At one time I was a registered financial advisor. Basically it was a glorified sales job and I am the world's worse salesperson. I tend to be honest and never quite found the balance between personal profit motivation over being extremely clear on what is being sold. I gave the downsides without giving the upsides enough weight.
However, I still invest. I'm mostly on the ETF bandwagon at this point although, if you have a little bit of play money, it isn't a bad thing to experiment.
If you're not into investing and want to put some money into the market much like you would do with a workplace retirement account, I suggest Betterment. You sign up, set up a goal, define how much risk tolerance you have and then start putting money into the goal. Betterment does the rest - it picks the funds and weights based on the goal you've set. If you want to override the allocations, you have some additional control. It does cost .25% on top of ETF fees but that includes everything for rebalancing and tax harvesting. There are many similar services but Betterment is the one I've used the most and do recommend.
The next step up is where you want a bit more control and hands-on management. For this I use M1 Finance. Anything Betterment has built can be built in M1. However, you need to build the portfolio (they call a PIE) which is little more than picking the same ETFs and setting the percentage of the PIE it will be. Then you set funding for it and away you go. You can create more custom pies or use some of their pre-built pies. You can stack multiple pies together.
The downside to M1 is two-fold
- They frequently get lambasted for their support on Reddit and other sites. Most people seem to think support stinks. I have not had any interactions so I can not provide any worthwhile observations. However, most issues seem to relate on how....
- ...The site and pie usage can be confusing.
Your main portfolio is basically a pie. You can then add additional pies to the portfolio. You set a percentage of investments between the pies (or individual stocks). At the highest level, you have a rebalance option you can manually trigger. If you included a pie (with other underlying investments) that pie has the investment in it divvied up in the same way. The underlying pie can also be rebalanced manually.
One thing to note is that as you invest money, your money is spread by the percentages you have set. If you have a regular investment schedule, your funds will tend to keep your portfolio balanced as more goes to investments that that are down (and less to those that are up). If your stocks move quite a bit, you might need to rebalance which brings me to...
Let's say you want to do a pie with dividend investing. The idea is that you can either take the dividends or reinvest them (I'll talk more about dividend investing in another post). The conundrum then is that your dividends are reinvested into your entire portfolio. If it just one pie, not a huge deal. But if you were trying to segregate pies to try different ideas, your dividend pie might start feeding your low-dividend strategy in a different pie.
Again, you can do everything in M1 that you can do in Betterment in terms of investment portfolios. The key difference is that you have to do it yourself and stay on top of managing the portfolio over its life. It is also cheaper - you only pay for the underlying ETF fees (no advisory fees).

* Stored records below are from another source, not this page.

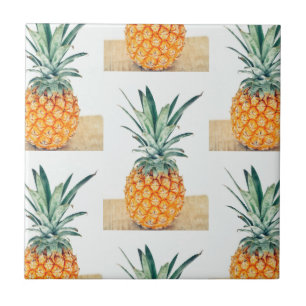 Yummy Pale Pastel Pineapple Print Fruit Tile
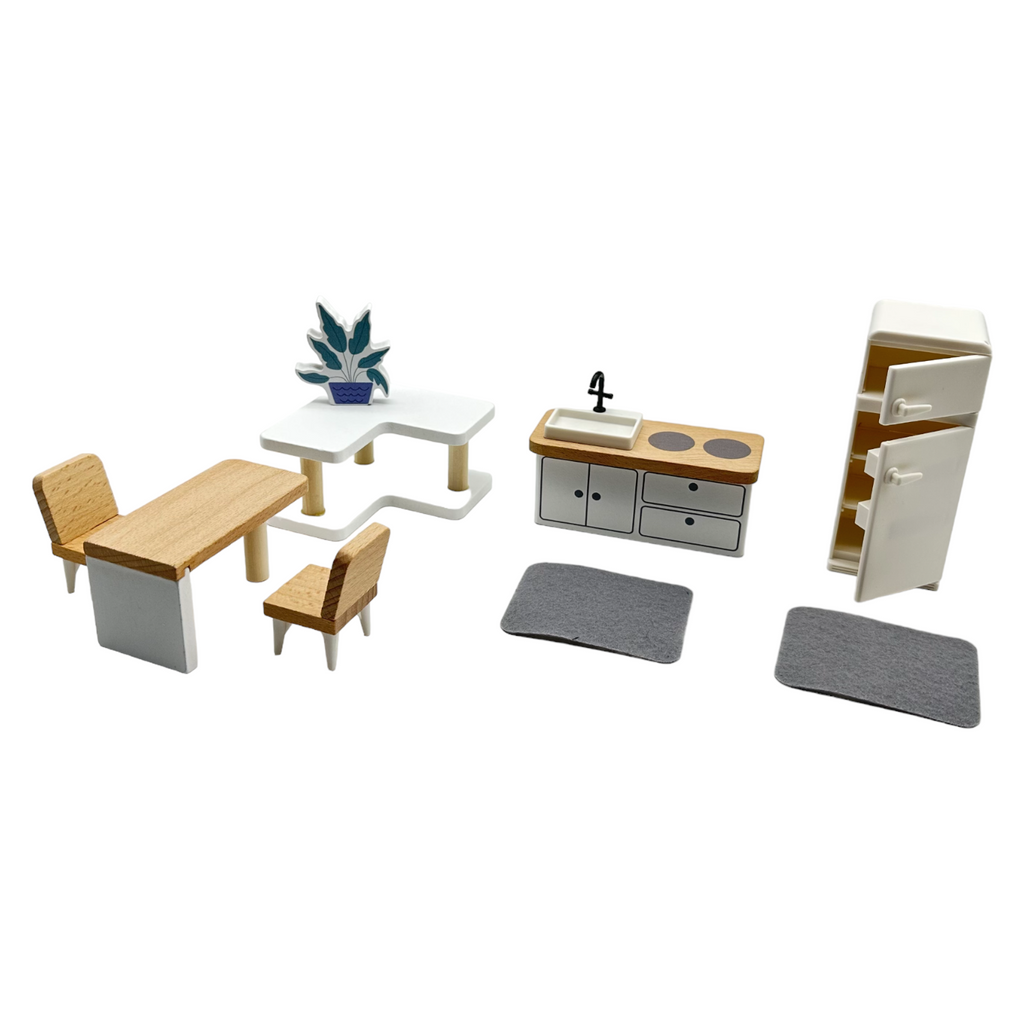 Wooden Dollhouse Furniture Toy Pretend Play Set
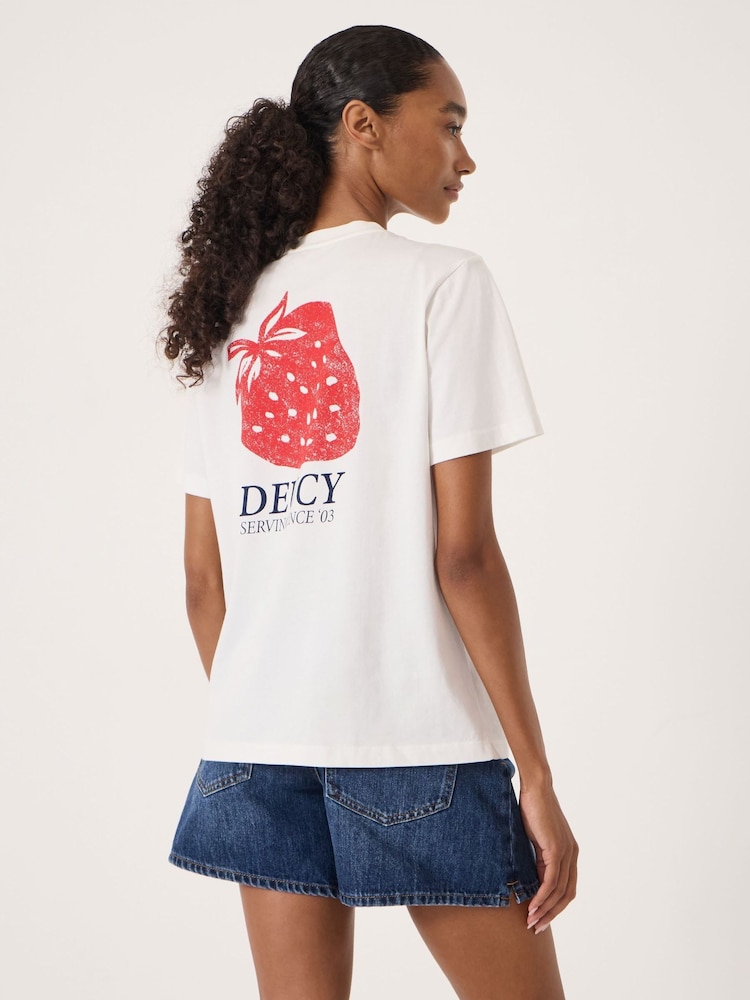 Hush White Deucy Strawberry Graphic Cotton T-Shirt - Image 2 of 5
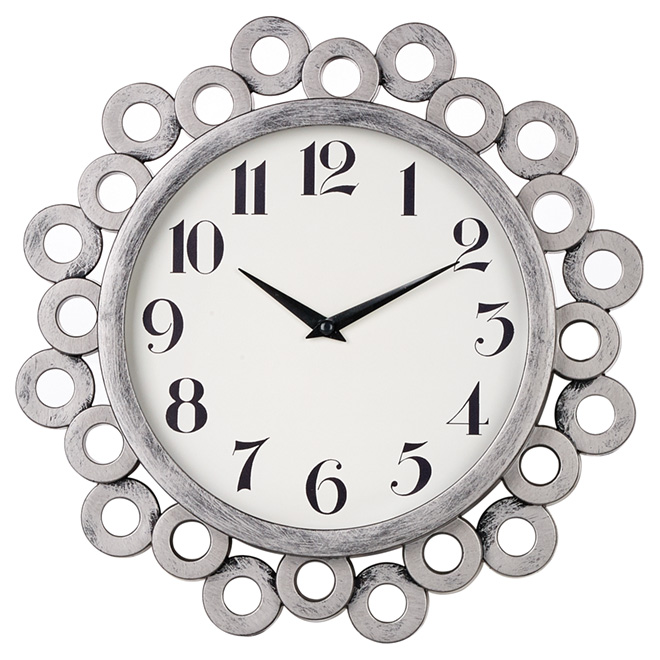 Horloge murale, 12", argent antique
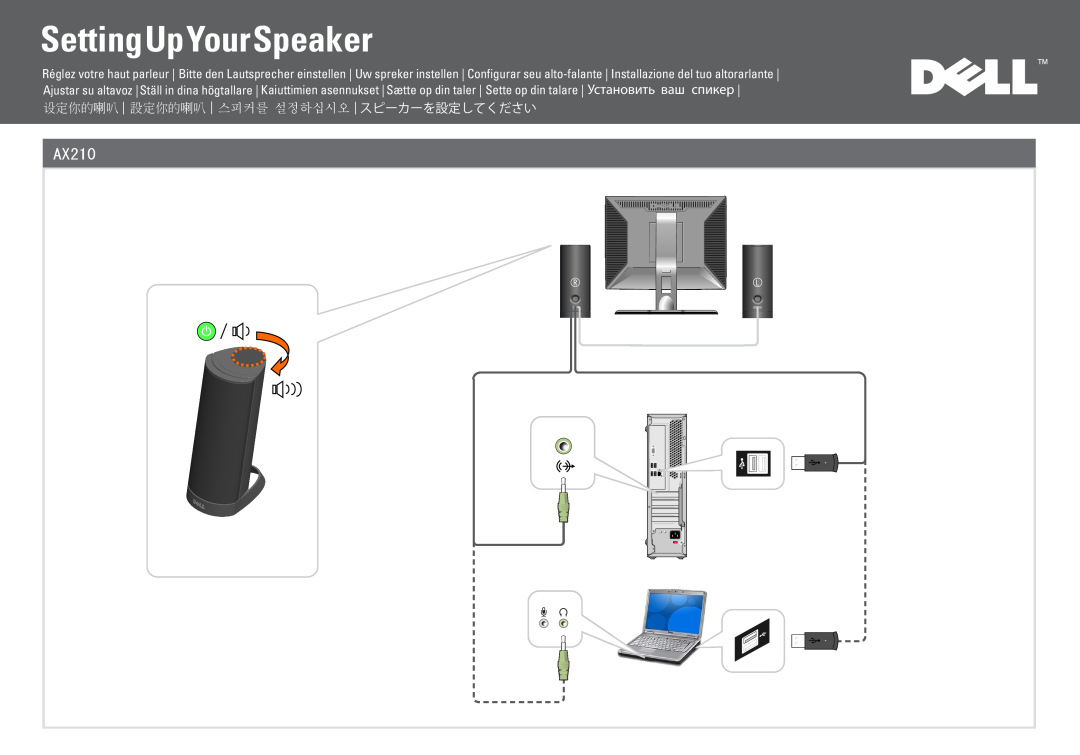 Dell AX210 manual SettingUpYourSpeaker, 设定你的喇叭 設定你的喇叭 스피커를 설정하십시오 スピーカーを設定してください 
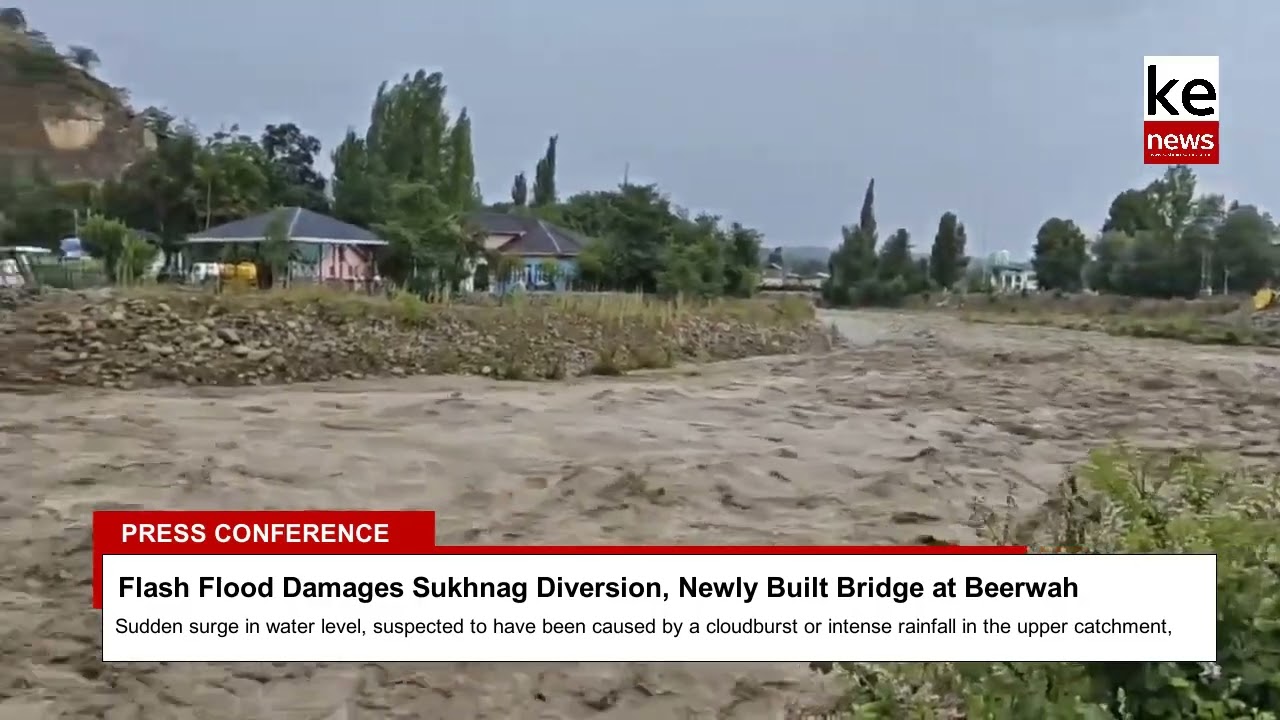 Flash Flood Damages Sukhnag Diversion, Newly Built Bridge at Beerwah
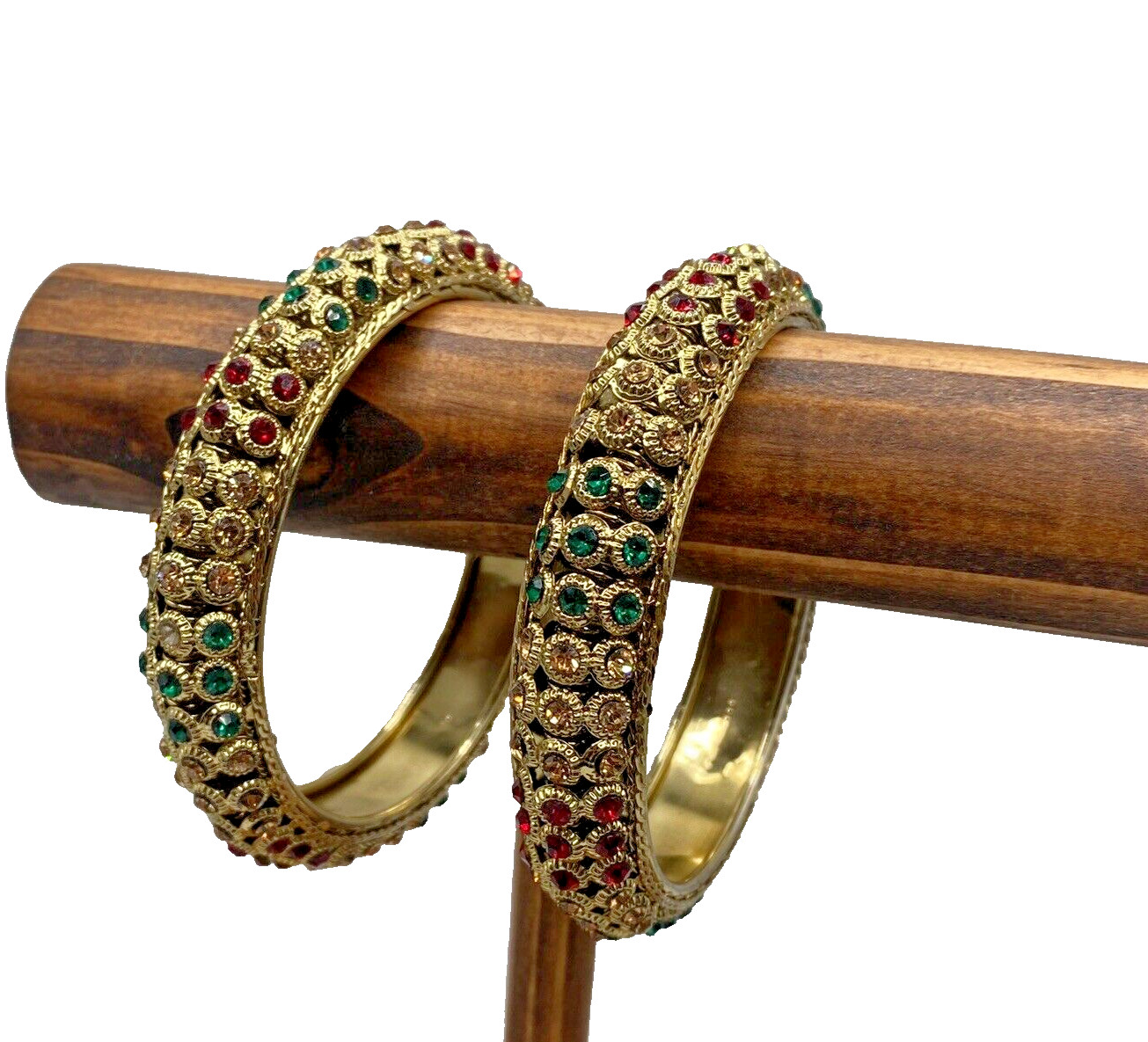 Vintage Statement Bangle Bracelet Set Multicolore… - image 5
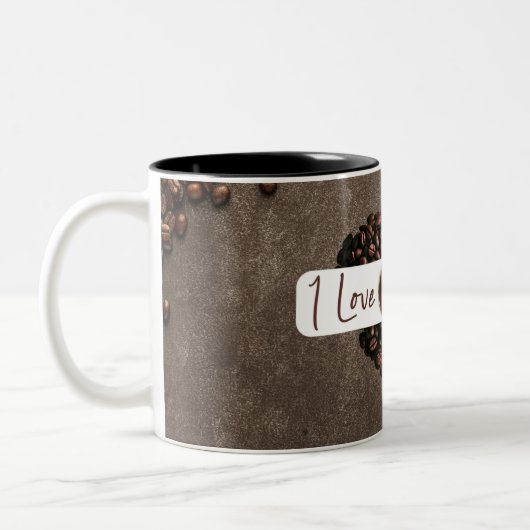 "I Love Coffee" Avec Coffee Beans Heart Mug (Gauche)
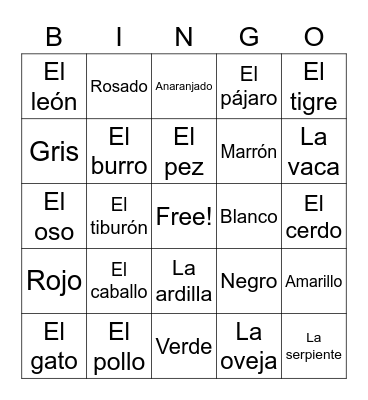 Spanish Colors and Animals Bingo Card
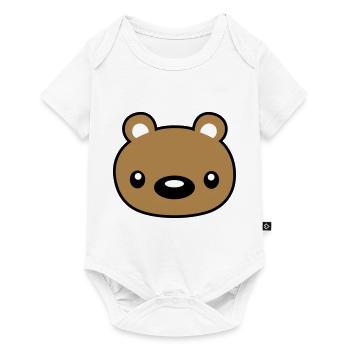 teddy face head cuddly toy - Baby Premium short-sleeve bodysuit - white - Front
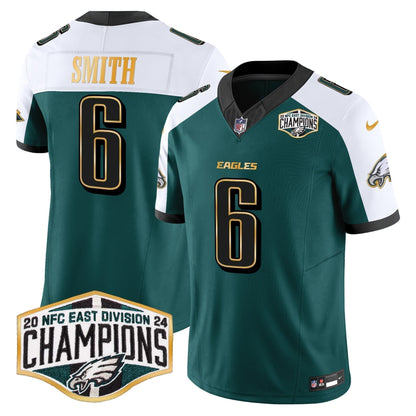 Eagles 2024 NFC East Division Champions Gold Trim Vapor Limited Jersey - Stitched
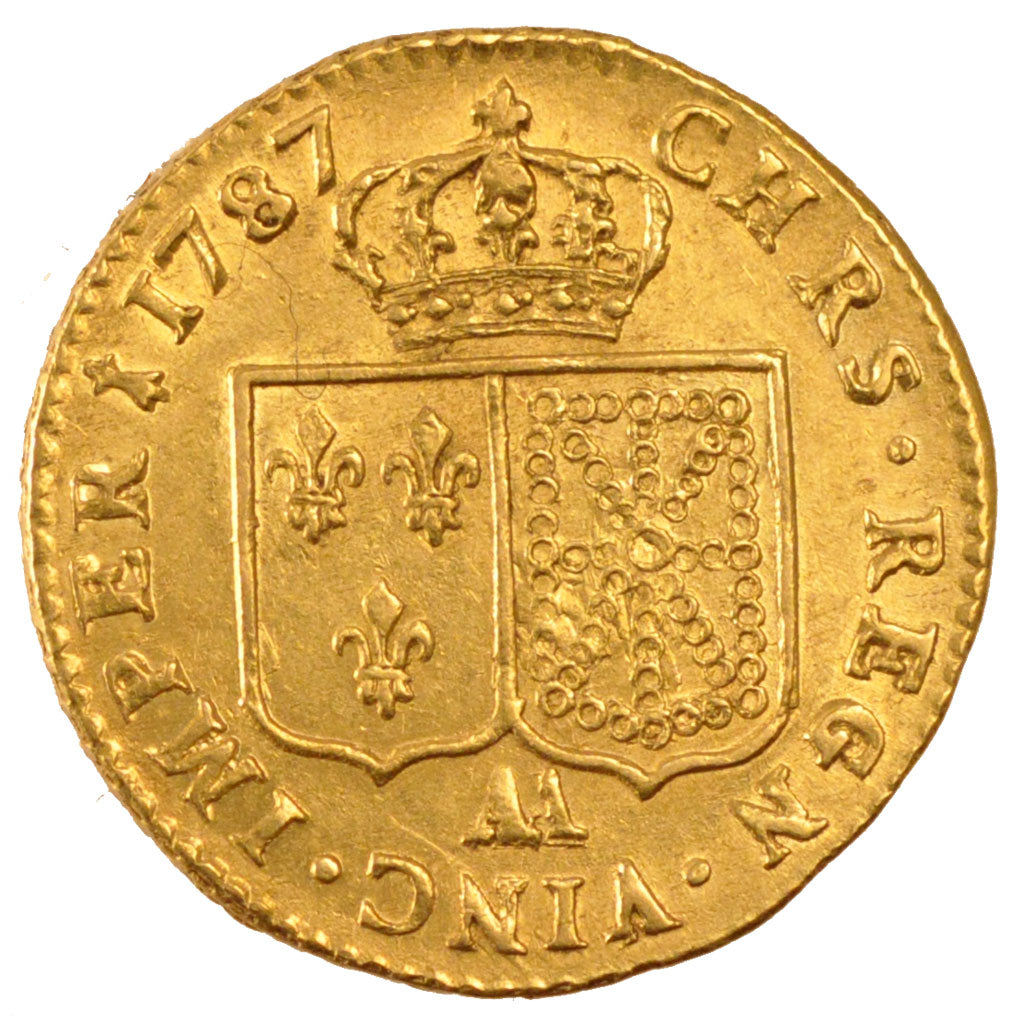 FRANCE, Louis d'or à la tête nue, Louis D'or, 1787, Metz, KM #591.2, AU(55-58),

And then there's Robinhood. It is like the DVD bin at Walmart brokerage. No trading fees, fractional shares and options. You can blow your leg off. But, if you only want to buy a handful of stocks or try out basic option strategies, Robinhood is... ok. Again, this is all self-management. Know the risks going in and you should be ok. You'll have access to a load of ETFs from which you can build the same portfolios you have in Betterment and M1. You have much more finite control but you're going to need to do a lot of footwork if you're trying multiple strategies in the same portfolio.
One tool I recommend greatly is Portfolio Visualizer. If you get an idea for a strategy, you can use the free tier to backtest and optimize your portfolio. It will require some learning - specifically understanding risks and various ways to manage it to really appreciate the value - but there's a ton of data and features available. The paid tiers extend the features quite a bit as well. Definitely worth a look.